Hi All,

For the project I’m working on right now I need to compute distance matrices over large batches of data. I have two matrices X and Y, where X is nxd and Y is mxd. Then the distance matrix D is nxm and contains the squared euclidean distance between each row of X and each row of Y.

So far I’ve implemented this in a few different ways but each has their issues and I’m hoping someone more experienced with pytorch might be able to help me get an implementation that matches my needs. I’ll go through each approach and the related issues below.

### Approach A - Direct Expanded

```
def expanded_pairwise_distances(x, y=None):
'''
Input: x is a Nxd matrix
y is an optional Mxd matirx
Output: dist is a NxM matrix where dist[i,j] is the square norm between x[i,:] and y[j,:]
if y is not given then use 'y=x'.
i.e. dist[i,j] = ||x[i,:]-y[j,:]||^2
'''
if y is not None:
differences = x.unsqueeze(1) - y.unsqueeze(0)
else:
differences = x.unsqueeze(1) - x.unsqueeze(0)
distances = torch.sum(differences * differences, -1)
return distances
```

This approach adds extra dimensions to compute the difference between all combinations of rows and columns at once. This requires a lot of memory and is slow.

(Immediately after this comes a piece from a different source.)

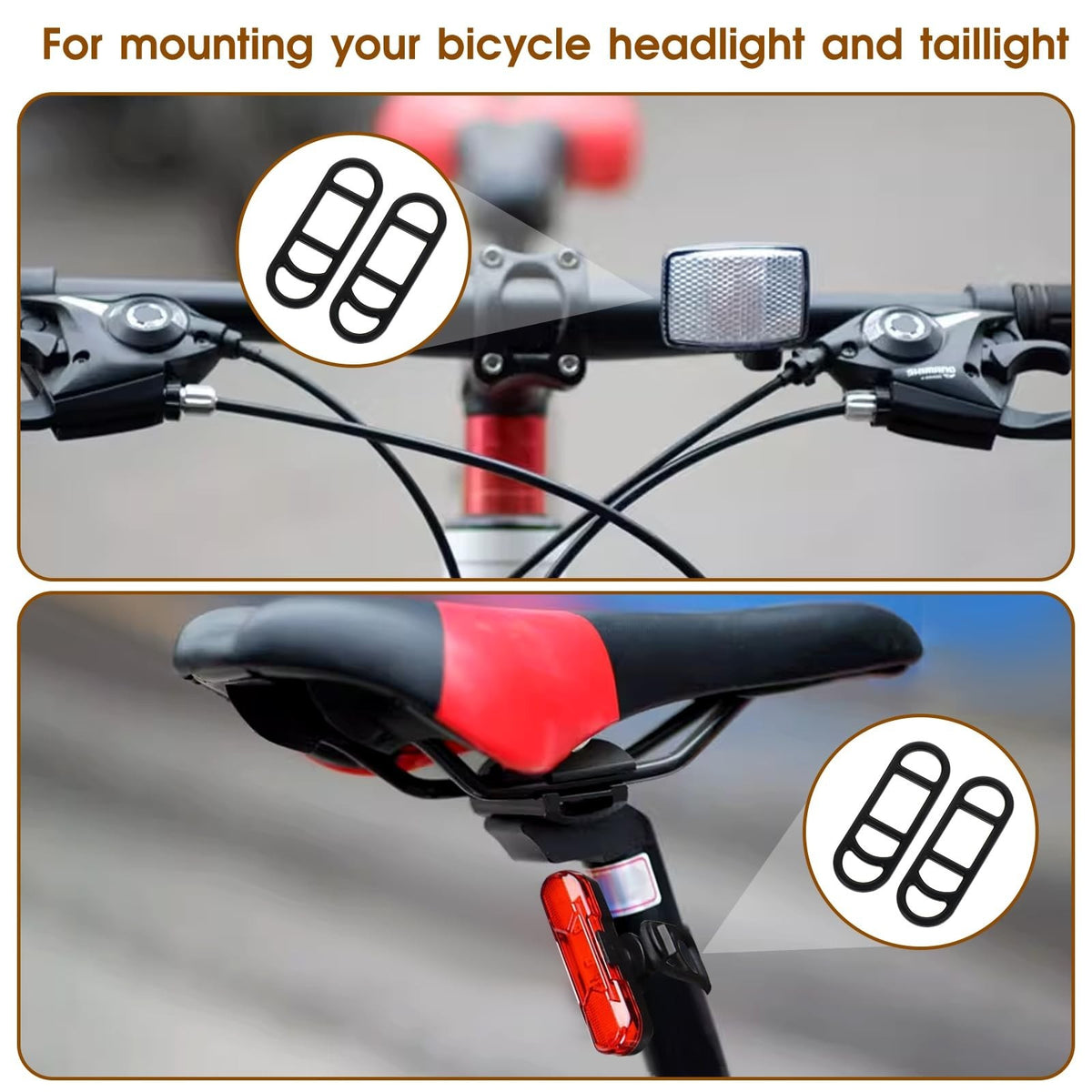 Bike Light Silicone Mount Straps - Replacement Rubber Bands for Bicycle Lights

### Approach B - Quadratic Expansion

```
def pairwise_distances(x, y=None):
'''
Input: x is a Nxd matrix
y is an optional Mxd matirx
Output: dist is a NxM matrix where dist[i,j] is the square norm between x[i,:] and y[j,:]
if y is not given then use 'y=x'.
i.e. dist[i,j] = ||x[i,:]-y[j,:]||^2
'''
x_norm = (x**2).sum(1).view(-1, 1)
if y is not None:
y_norm = (y**2).sum(1).view(1, -1)
else:
y = x
y_norm = x_norm.view(1, -1)
dist = x_norm + y_norm - 2.0 * torch.mm(x, torch.transpose(y, 0, 1))
return dist
```

This approach requires less memory and is faster than the above. However this suffers from rounding errors and in my setup leads to numerical instability. This seems to be a well documented issue with this approach and existing libraries will use thresholding to default to the direct computation when needed.

### Approach C - Direct row-wise

```
def row_pairwise_distances(x, y=None, dist_mat=None):
if y is None:
y = x
if dist_mat is None:
dtype = x.data.type()
dist_mat = Variable(torch.Tensor(x.size()[0], y.size()[0]).type(dtype))
for i, row in enumerate(x.split(1)):
r_v = row.expand_as(y)
sq_dist = torch.sum((r_v - y) ** 2, 1)
dist_mat[i] = sq_dist.view(1, -1)
return dist_mat
```

The above is numerically stable and has a lower memory footprint than A but it is far slower than approach B. I think that it should be possible to modify C to be faster but I don’t know enough about the autograd engine and pytorch data storage to make the tweaks myself. Does anybody have any suggestions?